Update of /home/minion/cvsroot/src/minion
In directory moria.mit.edu:/tmp/cvs-serv2109

Modified Files:
	HACKING 
Log Message:
Add list of introductory (heh) projects

Index: HACKING
===================================================================
RCS file: /home/minion/cvsroot/src/minion/HACKING,v
retrieving revision 1.14
retrieving revision 1.15
diff -u -d -r1.14 -r1.15
--- HACKING	8 Jan 2003 06:28:48 -0000	1.14
+++ HACKING	16 Jan 2003 05:57:01 -0000	1.15
@@ -1,4 +1,4 @@
-Hacking Mixminion                                  -*- Text -*-
+Hacking Mixminion
 
 Requirements:
         Python >= 2.0 (see PORTING NOTES below)
@@ -8,15 +8,191 @@
 
         A working /dev/urandom (see PORTING NOTES below)
 
-Things to hack:
-        See the TODO list.
+THINGS TO HACK:  (Good introductory projects that I won't get to myself for 
+  at least a version or two.)
+
+- We need a windows port!  (A client-only port would be a good start.)  Most
+  of the code is in Python, and what C we have is pretty standard, so I don't
+  anticipate too many problems.  Some known issues in the source are marked
+  with comments labeled WIN32.  Other areas of potential difficulty are:
+      - The build process.  (I don't know the first thing about how to build
+        Python modules under windows.  Python distutils should work, but I
+        don't know what compiler is appropriate.  Studying the Python
+        webpages may be useful.)
+      - Binaries and installer.  (We should provide two versions: one that
+        comes with a Python interpreter, and one that doesn't.

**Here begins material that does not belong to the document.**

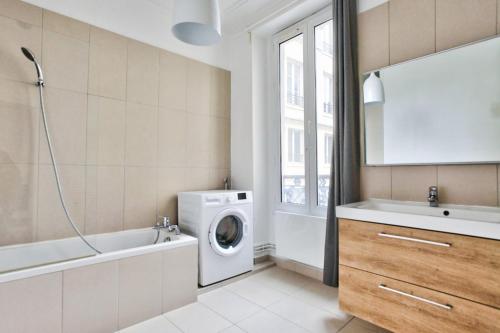 ein Badezimmer mit einer Waschmaschine und einer Waschmaschine in der Unterkunft Appartement Quartier Le Marais 2 in Paris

They should
+        both be easy to generate.)
+      - The signal code may not be correct; Windows signals may work
+        differently in subtle ways.  [This is mostly a server issue, but the
+        client code uses SIGALRM to timeout dead connections.]

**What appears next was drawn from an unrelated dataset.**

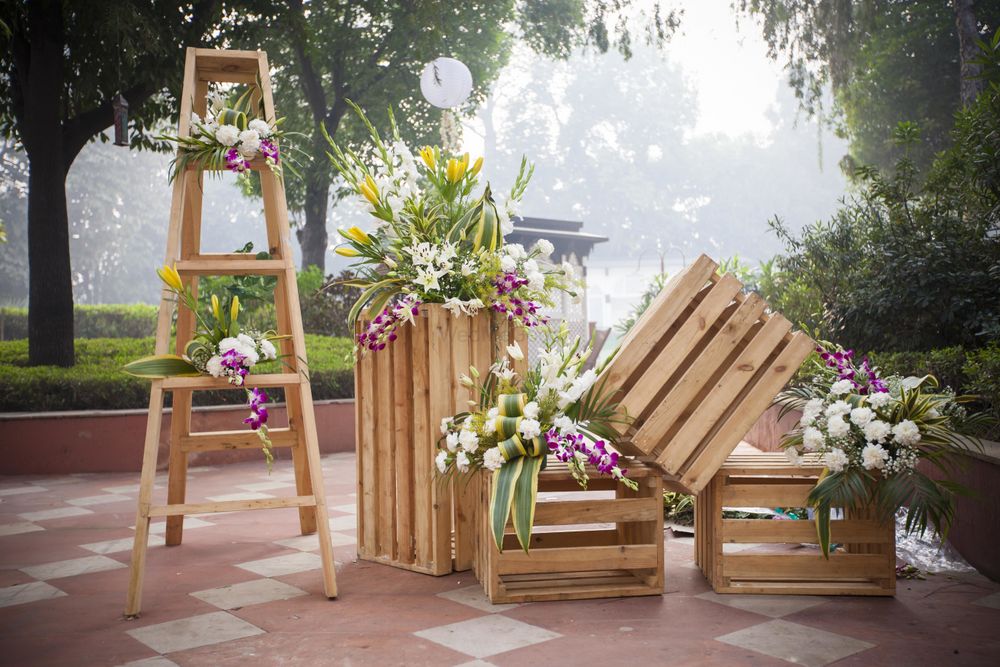 Photo of Backyard wedding decor with rustic setting using wooden crates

+      - The 'daemonize' code in ServerMain.py is almost certainly not
+        write on windows.
+      - We assume the existence of /dev/urandom or some other similar entropy
+        source; these do not exist on windows.  OpenSSL's RAND_* functions
+        may be helpful, but coming up with good seed information may be
+        tricky. Clients can use RAND_event, but servers will need to get
+        entropy from somewhere else.
+      - There will be other, as-yet-unexpected issues. :)

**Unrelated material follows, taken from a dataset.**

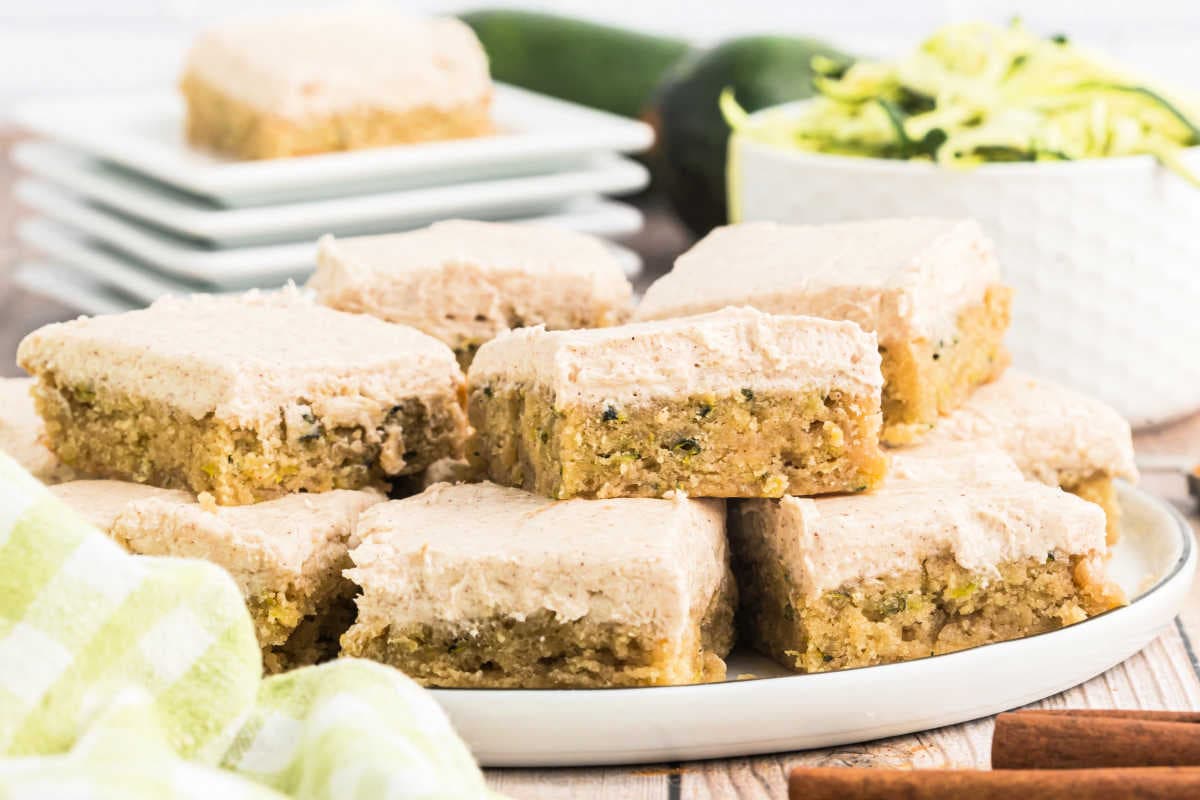 Cinnamon frosted zucchini cake bars stacked on a plate, with shredded zucchini and plates in the background.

+  (Difficulty: moderate.  Invasiveness: moderate)
+
+- We need some distributed stress-test code.  Ideally, it should use SSH to
+  build Mixminion on a number of machines and start servers on those
+  machines, then run a bunch of clients to send messages through the system.
+  It should be possible to run the code with different network and server
+  configurations.  (Difficulty: moderate.  Invasiveness: none.)
+
+- The current implementations for the MBOX and SMTP modules open a new
+  connection to the local MTA for each outgoing message.  This is
+  inefficient; they should batch as much as possible.  (Difficulty: easy.
+  Invasiveness: slight.)
+
+- The current implementation for the MBOX and SMTP modules do not support
+  ESMTP (over TLS).  They should.  (Difficulty: easy.  Invasiveness: slight.)
+
+- In addition to the stress-test code above, we should have some automated
+  integration test code to start many servers with different configurations
+  on the same server, and test them with calls to the client code.  This can
+  probably share a good deal of logic with the stress-test code.  A nice
+  extra would be to allow testing multiple versions of Mixminion with
+  multiple versions of the client, and have multihost support. (Difficulty:
+  moderate. Invasiveness: none.)
+
+- It would be neat if all the boilerplate that servers spit out were
+  configurable via some kind of generic boilerplate mechanism, and stored in
+  separate files.  (Difficulty: easy.  Invasiveness: slight.)
+
+- We should throttle bandwidth under high load.  To implement this, every
+  connection needs to keep track of how many bytes it's sent or received,
+  and stop trying to read or write after a certain threshold is passed.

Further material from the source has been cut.